Task description :: Repeat every record below exactly, but leave out any pictures.

Data extracts ::

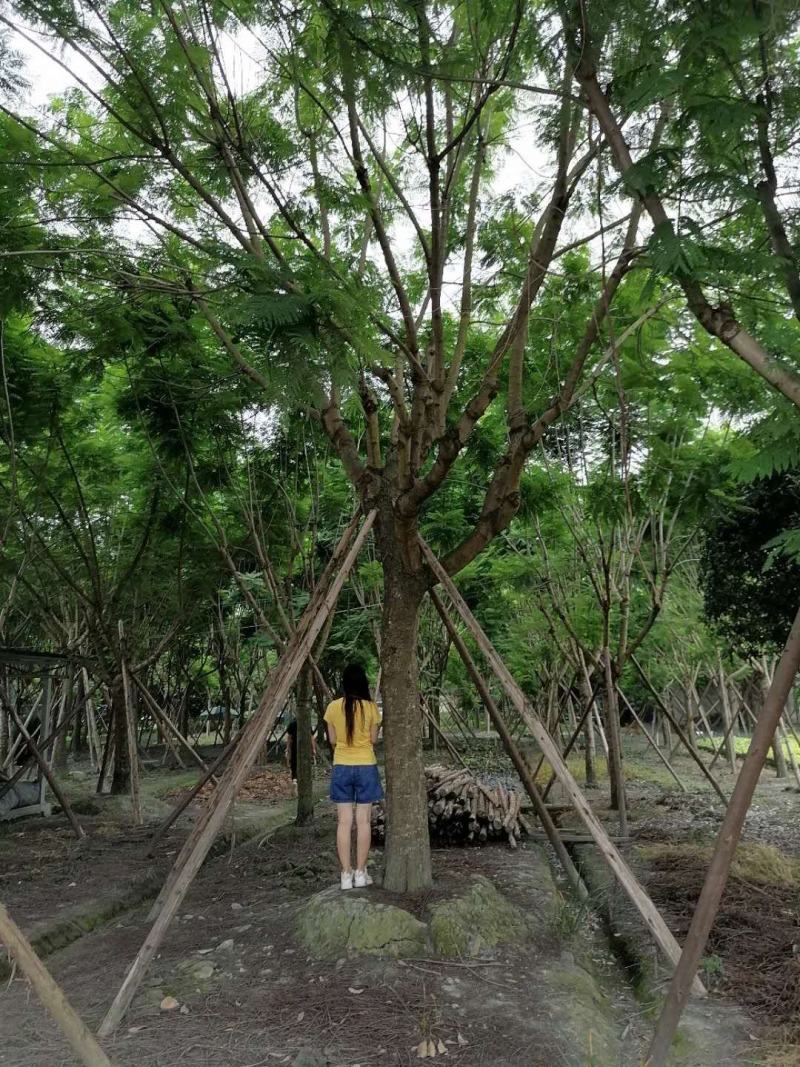 蓝花楹熟货全冠蓝花楹量大从优欢迎咨询可视频看货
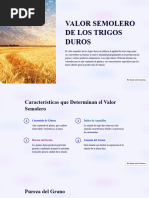 Valor Semolero de Los Trigos Duros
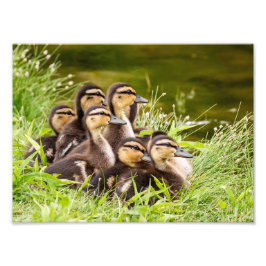 Mallard Ducklings Foto Afdruk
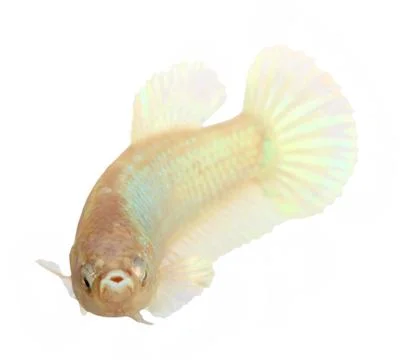 Siamese fighting fish , betta isolated on white background Stock Photos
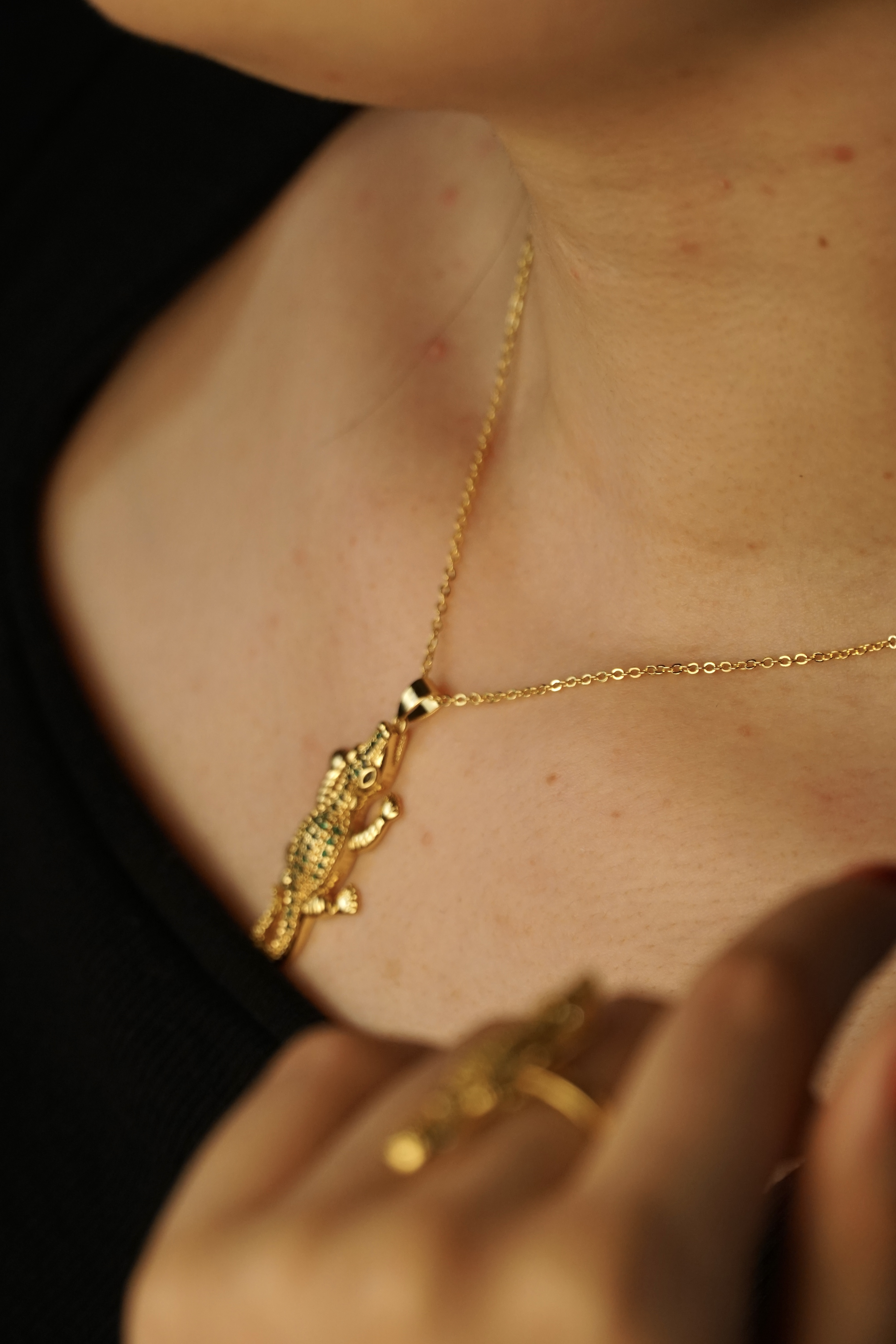 Parure timsah  - Image 5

Result of the task ::
 蓝花楹熟货全冠蓝花楹量大从优欢迎咨询可视频看货
 Valor Semolero de Los Trigos Duros
 Mallard Ducklings Foto Afdruk
 Siamese fighting fish , betta isolated on white background Stock Photos
 Parure timsah  - Image 5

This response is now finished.